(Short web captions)
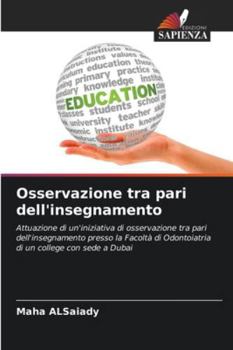 Paperback Osservazione tra pari dell'insegnamento [Italian] Book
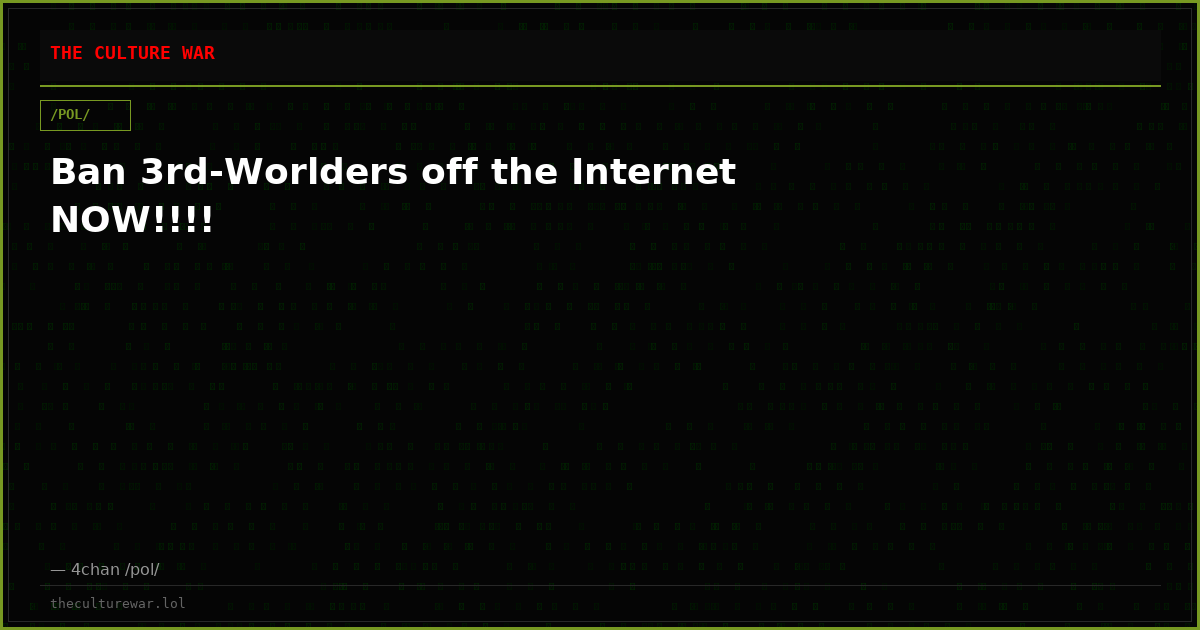 Ban 3rd-Worlders off the Internet NOW!!!!
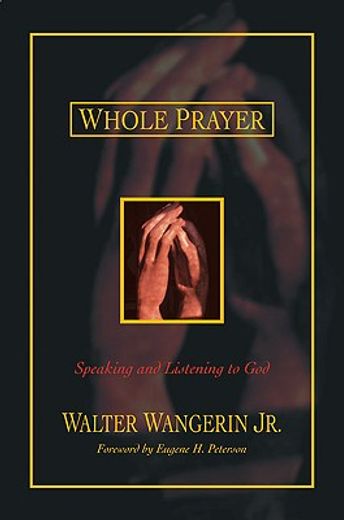 whole prayer,speaking and listening to god (en Inglés)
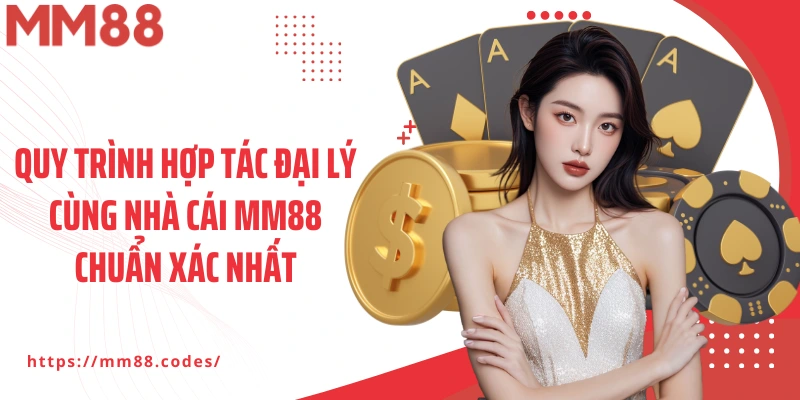 Quy trình hợp tác đại lý cùng nhà cái MM88 chuẩn xác nhất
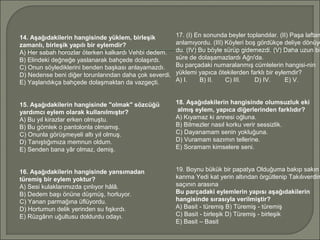 14. Aşağıdakilerin hangisinde yüklem, birleşik
zamanlı, birleşik yapılı bir eylemdir?
A) Her sabah horozlar öterken kalkardı Vehbi dedem.
B) Elindeki değneğe yaslanarak bahçede dolaşırdı.
C) Onun söylediklerini benden başkası anlayamazdı.
D) Nedense beni diğer torunlarından daha çok severdi.
E) Yaşlandıkça bahçede dolaşmaktan da vazgeçti.
15. Aşağıdakilerin hangisinde "olmak" sözcüğü
yardımcı eylem olarak kullanılmıştır?
A) Bu yıl kirazlar erken olmuştu.
B) Bu gömlek o pantolonla olmamış.
C) Onunla görüşmeyeli altı yıl olmuş.
D) Tanıştığımıza memnun oldum.
E) Senden bana yâr olmaz, demiş.
16. Aşağıdakilerin hangisinde yansımadan
türemiş bir eylem yoktur?
A) Sesi kulaklarımızda çınlıyor hâlâ.
B) Dedem başı önüne düşmüş, horluyor.
C) Yanan parmağına üflüyordu.
D) Hortumun delik yerinden su fışkırdı.
E) Rüzgârın uğultusu doldurdu odayı.
17. (I) En sonunda beyler toplandılar. (II) Paşa laftan
anlamıyordu. (III) Köyleri boş gördükçe deliye dönüyo
du. (IV) Bu böyle sürüp gidemezdi. (V) Daha uzun bi
süre de dolaşamazlardı Ağrı'da.
Bu parçadaki numaralanmış cümlelerin hangisi­nin
yüklemi yapıca ötekilerden farklı bir eylemdir?
A) I. B) II. C) III. D) IV. E) V.
18. Aşağıdakilerin hangisinde olumsuzluk eki
almış eylem, yapıca diğerlerinden farklıdır?
A) Kıyamaz ki annesi oğluna.
B) Bilmezler nasıl korku verir sessizlik.
C) Dayanamam senin yokluğuna.
D) Vuramam sazımın tellerine.
E) Soramam kimselere seni.
19. Boynu bükük bir papatya Olduğuma bakıp sakın
kanma Yedi kat yerin altından örgütlenip Takılıverdim
saçının arasına
Bu parçadaki eylemlerin yapısı aşağıdakilerin
hangisinde sırasıyla verilmiştir?
A) Basit ­ türemiş B) Türemiş ­ türemiş
C) Basit ­ birleşik D) Türemiş ­ birleşik
E) Basit – Basit
 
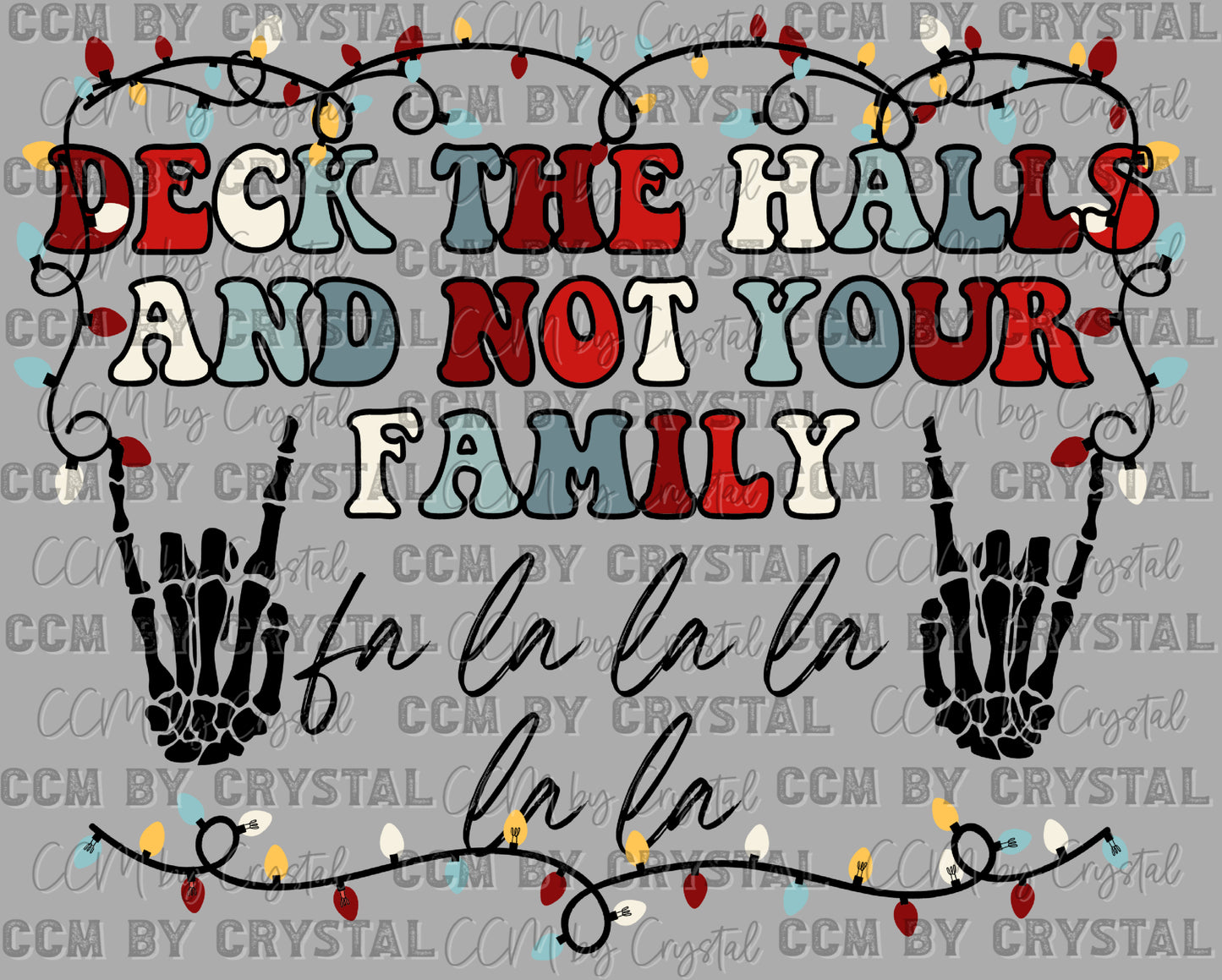 Deck the Halls and Not Your Family Christmas Ready to Press Transfer DTF Transfer Sublimation Transfer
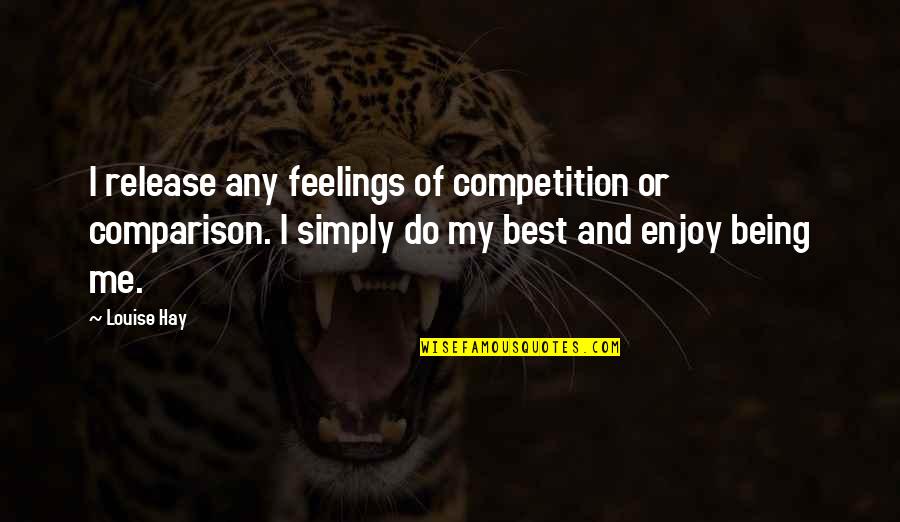 I'm Just Simply Being Me Quotes By Louise Hay: I release any feelings of competition or comparison.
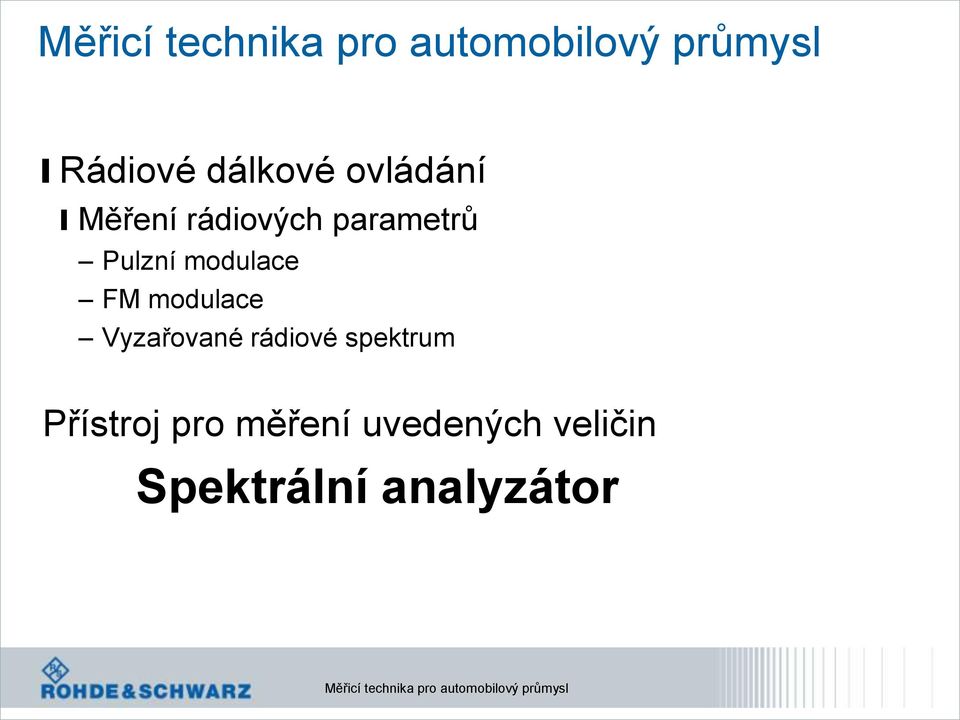 modulace Vyzařované rádiové spektrum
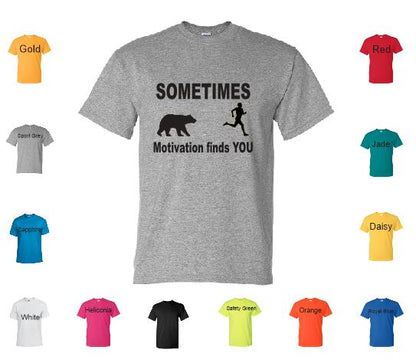 TS69 Sometimes Motivation Finds YOU T-Shirt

§ **WORK TO BE COMPLETED**:
Starting at the line that contains "15. Aşağıdakilerin hangisinde", retype each line through the end of the data exactly, and leave out every picture.

§ **EXERCISE SOLUTION**:
15. Aşağıdakilerin hangisinde "olmak" sözcüğü
yardımcı eylem olarak kullanılmıştır?
A) Bu yıl kirazlar erken olmuştu.
B) Bu gömlek o pantolonla olmamış.
C) Onunla görüşmeyeli altı yıl olmuş.
D) Tanıştığımıza memnun oldum.
E) Senden bana yâr olmaz, demiş.
16. Aşağıdakilerin hangisinde yansımadan
türemiş bir eylem yoktur?
A) Sesi kulaklarımızda çınlıyor hâlâ.
B) Dedem başı önüne düşmüş, horluyor.
C) Yanan parmağına üflüyordu.
D) Hortumun delik yerinden su fışkırdı.
E) Rüzgârın uğultusu doldurdu odayı.
17. (I) En sonunda beyler toplandılar. (II) Paşa laftan
anlamıyordu. (III) Köyleri boş gördükçe deliye dönüyo
du. (IV) Bu böyle sürüp gidemezdi. (V) Daha uzun bi
süre de dolaşamazlardı Ağrı'da.
Bu parçadaki numaralanmış cümlelerin hangisi­nin
yüklemi yapıca ötekilerden farklı bir eylemdir?
A) I. B) II. C) III. D) IV. E) V.
18. Aşağıdakilerin hangisinde olumsuzluk eki
almış eylem, yapıca diğerlerinden farklıdır?
A) Kıyamaz ki annesi oğluna.
B) Bilmezler nasıl korku verir sessizlik.
C) Dayanamam senin yokluğuna.
D) Vuramam sazımın tellerine.
E) Soramam kimselere seni.
19. Boynu bükük bir papatya Olduğuma bakıp sakın
kanma Yedi kat yerin altından örgütlenip Takılıverdim
saçının arasına
Bu parçadaki eylemlerin yapısı aşağıdakilerin
hangisinde sırasıyla verilmiştir?
A) Basit ­ türemiş B) Türemiş ­ türemiş
C) Basit ­ birleşik D) Türemiş ­ birleşik
E) Basit – Basit
 
 Deck the Halls and Not Your Family Christmas Ready to Press Transfer DTF Transfer Sublimation Transfer
 I'm Just Simply Being Me Quotes By Louise Hay: I release any feelings of competition or comparison.
 modulace Vyzařované rádiové spektrum
 TS69 Sometimes Motivation Finds YOU T-Shirt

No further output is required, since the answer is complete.